Hal ini bisa dilihat dari putusan MK Nomor 11-14-21-126 dan 136/PUU-VII/2009. Bagian penting dari putusan ini terletak pada Pendapat Mahkamah, di mana Mahkamah Konstitusi (MK) mengemukakan pendapatnya terhadap materi UU dalam uji materiil.
Pendapat Mahkamah ini terbagi menjadi menjadi dua bagian: (1) Pendapat MK terhadap UU Nomor 20 Tahun 2003 tentang Sistem Pendidikan Nasional; (2) Pendapat MK terhadap UU Nomor 9 Tahun 2009 tentang Badan Hukum Pendidikan (BHP). Penjelasan terhadap struktur putusan MK menjadi penting untuk menghindari kesalahan dalam membaca putusan ini.
Ada dua poin dalam putusan MK yang tidak diindahkan oleh DPR dan pemerintah.
Pertama tentang otonomi pengelolaan pendidikan. MK dalam putusannya menyatakan, ”... oleh karena itu apakah betul bahwa ada hubungan kausal fungsional antara otonomi pengelolaan pendidikan formal dengan mewujudkan fungsi dan tujuan pendidikan nasional berdasarkan Pancasila. Artinya, apakah untuk mencapai tujuan pendidikan tersebut secara mutlak harus diperlukan otonomi pengelolaan pendidikan formal atau dengan kata lain otonomi pengelolaan pendidikan formal merupakan conditio sine qua non bagi pencapaian tujuan pendidikan. Hal yang dapat dipertanyakan juga apakah otonomi pengelolaan pendidikan formal merupakan sebuah keharusan yang diamanatkan oleh UUD 1945.”

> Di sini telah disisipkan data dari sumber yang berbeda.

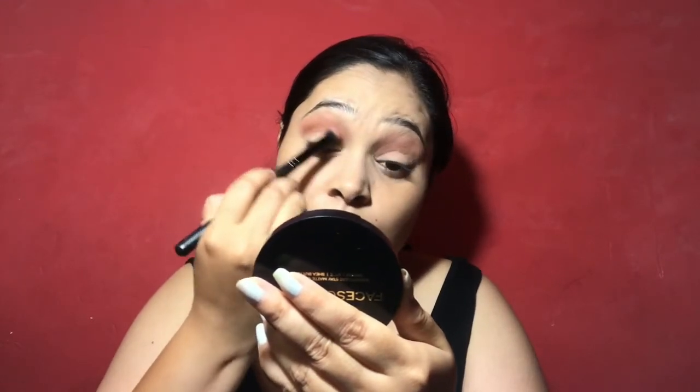After that I am adding a darker brown shade, and then blending it with a clean brush.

Dari petikan putusan di atas dapat ditarik beberapa kesimpulan: (1) MK sebenarnya tidak yakin apakah otonomi pengelolaan pendidikan mutlak diperlukan untuk meningkatkan mutu pendidikan Indonesia; (2) MK juga mempertanyakan apakah ada hubungan kausal antara otonomi pengelolaan pendidikan dan tujuan pendidikan nasional; (3) MK mempertanyakan apakah otonomi pengelolaan pendidikan merupakan amanat UUD 1945 atau hanya sebatas spekulasi.
Kesimpulannya, putusan MK jelas mematahkan argumentasi pembuat kebijakan bahwa otonomi pengelolaan pendidikan adalah segala-segalanya.
Namun, pembuat kebijakan masih mencantumkan prinsip otonomi pengelolaan pendidikan dalam RUU Pendidikan Tinggi (versi 3 April 2012). Pada Pasal 1 angka 23 dinyatakan bahwa otonomi pengelolaan adalah keleluasaan dalam mengelola perguruan tinggi secara akuntabel. Kemudian otonomi pengelolaan secara lebih lanjut diatur dalam Pasal 63-Pasal 67 RUU Pendidikan Tinggi.